Matt laughed in spite of himself.

Having lived between Nashville and Franklin her whole life, Taryn also knew the Black Raven Inn; everyone did. Growing up, it had been known as the cheap motel that singers who had zero money and fewer connections liked to stay in until they “made the big time.” In college, it had garnered the reputation as a place
so
bad and
so
dangerous that cops no longer even responded to complaints. High school kids even pooled their money to stay in nicer places after school dances; it’s cheap prices weren’t worth it.

It advertised itself as a “no frills budget motel” but that was code for “crack house” around town.

“Did you notice that the motel’s website said it had a ‘vintage feel’?”

Taryn snorted. “Yeah. Saying it has a “vintage feel” and claiming it contains ‘some of the original features and fixtures’ might have sounded good and looked attractive on paper, but what it
really
meant was that the building hadn’t been updated since it was built. Original features meant something totally different when one is talking about lighting fixtures versus toilet seats.”

“I could never sit in a toilet in that motel,” Matt said, his voice shuddering.

“I could never sit on a bed in that motel,” Taryn agreed. “I hate to think of the things that went on there.

Unfortunately for its neighbors, it was located in what was turning into a desirable part of town. The area was becoming gentrified and the eyesore had everyone up in arms. Hipsters didn’t like their upscale shops and fusion restaurants being just a stone’s throw away from its run-down entrance.

The new condos and townhomes building up around it were currently on the market for half a million bucks for a 2-bedroom unit. Taryn still couldn’t get over the idea of living in what basically constituted as an apartment for so much money. Especially considering that her job as a freelance artist had her traveling all over the country. It provided her with a glimpse of other markets and just how far a dollar could stretch.

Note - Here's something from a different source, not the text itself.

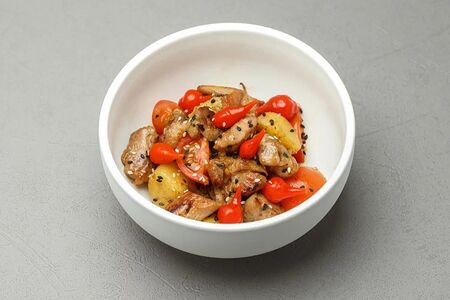 Жаркое из курицы с вешенками и итальянскими перчиками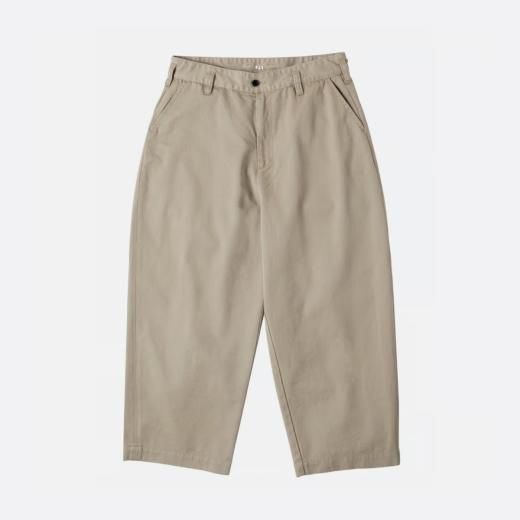 <img class='new_mark_img1' src='https://img.shop-pro.jp/img/new/icons1.gif' style='border:none;display:inline;margin:0px;padding:0px;width:auto;' />GENE KELLY CHINOS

Expensive townhomes and condos, boutique hotels, specialty coffee shops, bakeries with artisan bread, daycares that cost more than her college tuition ten years earlier, upmarket shops…

And the Black Raven Inn.

A blemish on the Nashville roadmap that stuck out like the oozing sore it was, making everyone who lived, worked, and played around it cringe in disgust.

Still, the property had two acres in a prime location. The sex shops and massage parlors that had once surrounded it had been bought out, closed, and razed.

Everyone on that side of town was hoping that once the hotel closed, the razing would come again, especially now that the property had been sold. When it
did
come down, and everyone assumed it would, Taryn was sure she’d hear an audible sigh of relief from all of East Nashville.

She had no idea what Ruby Jane’s plans were for the unmentionable blot on the landscape. Most people weren’t even aware that the singer was the one who’d purchased it; they assumed it was a corporation or real estate mogul who intended to develop it into some high rises or new chain hotel. Perhaps a nice Hibachi Grill, surrounded by trendy boutiques. Or a Whole Foods Market. Maybe an Embassy Suites with a manager’s cocktail hour and made-to-order omelet bar.

Taryn had a feeling they were about to be sorely disappointed.